Si je pouvais retourner en arrière, reprendre cette conversation avec cette femme, et dialoguer avec elle dans l’humilité plutôt que dans la peur, je pourrais plutôt m’émerveiller devant l’œuvre de Dieu dans sa vie plutôt que de lui imposer mes attentes et mes propres normes. Mais nous n’arriverions pas, du premier coup, à trouver l’unité parfaite ce qui restera, pour tous les chrétiens, un travail long et « artisanale » (Evangelii Gaudium, 244), comme le dit le pape François.

De plus, la recherche de l’unité entre les chrétiens doit s’étendre à nos relations avec toutes les églises chrétiennes. En novembre dernier, nous avons célébré le 50e anniversaire du décret sur l’œcuménisme, pour la restauration de l’unité entre les chrétiens, qui est paru suite au Concile Vatican II. La conférence des évêques du Canada a même publié un document, « Une Église en dialogue », qui donne un compte rendu des progrès mais aussi des défis qui apparaissent dans le dialogue œcuménique depuis le Concile jusqu’à aujourd’hui. Le document évoque d’ailleurs le rôle de la prière pour et avec d’autres chrétiens. Cette prière, comme on l’affirme, peut renforcer notre désir de communion et soutenir notre dialogue.

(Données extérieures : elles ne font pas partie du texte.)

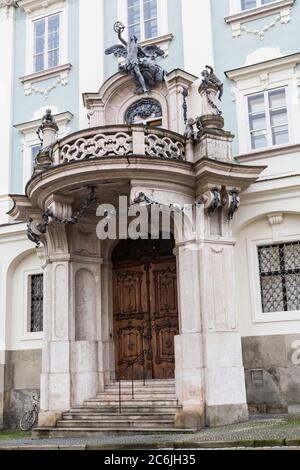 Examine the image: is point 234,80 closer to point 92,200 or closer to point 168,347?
point 92,200

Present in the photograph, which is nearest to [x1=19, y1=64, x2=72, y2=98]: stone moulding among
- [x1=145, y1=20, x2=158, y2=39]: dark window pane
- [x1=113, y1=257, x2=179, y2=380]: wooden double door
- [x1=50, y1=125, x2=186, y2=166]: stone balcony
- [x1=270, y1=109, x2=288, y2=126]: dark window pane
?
[x1=145, y1=20, x2=158, y2=39]: dark window pane

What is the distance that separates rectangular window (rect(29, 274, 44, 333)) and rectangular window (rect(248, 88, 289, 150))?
6.88 m

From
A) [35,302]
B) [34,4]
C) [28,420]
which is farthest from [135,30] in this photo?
[28,420]

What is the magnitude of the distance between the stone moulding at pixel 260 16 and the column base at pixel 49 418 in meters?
10.1

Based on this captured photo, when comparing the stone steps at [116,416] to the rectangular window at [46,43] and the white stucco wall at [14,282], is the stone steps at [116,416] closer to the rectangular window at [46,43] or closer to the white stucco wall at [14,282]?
the white stucco wall at [14,282]

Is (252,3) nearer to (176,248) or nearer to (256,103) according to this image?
(256,103)

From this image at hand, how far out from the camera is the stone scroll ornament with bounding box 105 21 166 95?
16.5 meters

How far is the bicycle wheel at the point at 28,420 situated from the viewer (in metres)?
16.2

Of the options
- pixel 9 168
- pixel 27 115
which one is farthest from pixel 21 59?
pixel 9 168

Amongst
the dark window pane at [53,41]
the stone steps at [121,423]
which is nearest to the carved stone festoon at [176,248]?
the stone steps at [121,423]

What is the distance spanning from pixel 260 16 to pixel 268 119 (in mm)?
2733

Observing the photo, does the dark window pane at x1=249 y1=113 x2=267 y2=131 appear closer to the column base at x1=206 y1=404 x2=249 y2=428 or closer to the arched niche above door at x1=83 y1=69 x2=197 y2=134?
the arched niche above door at x1=83 y1=69 x2=197 y2=134

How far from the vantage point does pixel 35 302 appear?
58.6 feet

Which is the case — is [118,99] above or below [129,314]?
above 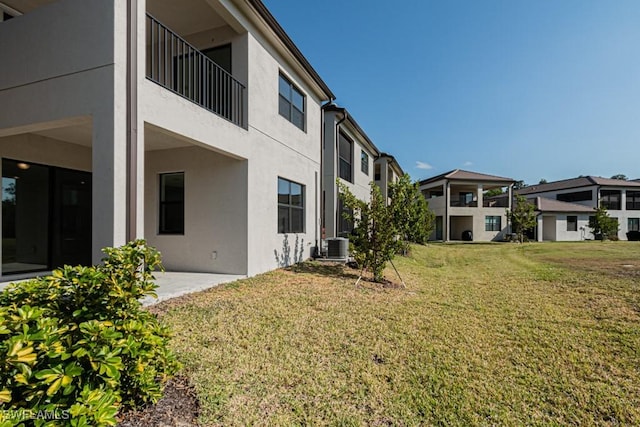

Je dois laisser le dernier mot au pape François qui nous rappelle que « nous sommes pèlerins, et que nous pérégrinons ensemble. Pour cela il faut confier son cœur au compagnon de route sans méfiance, sans méfiance, et viser avant tout ce que nous cherchons : la paix dans le visage unique de Dieu » (Evangelii Gaudium, 244).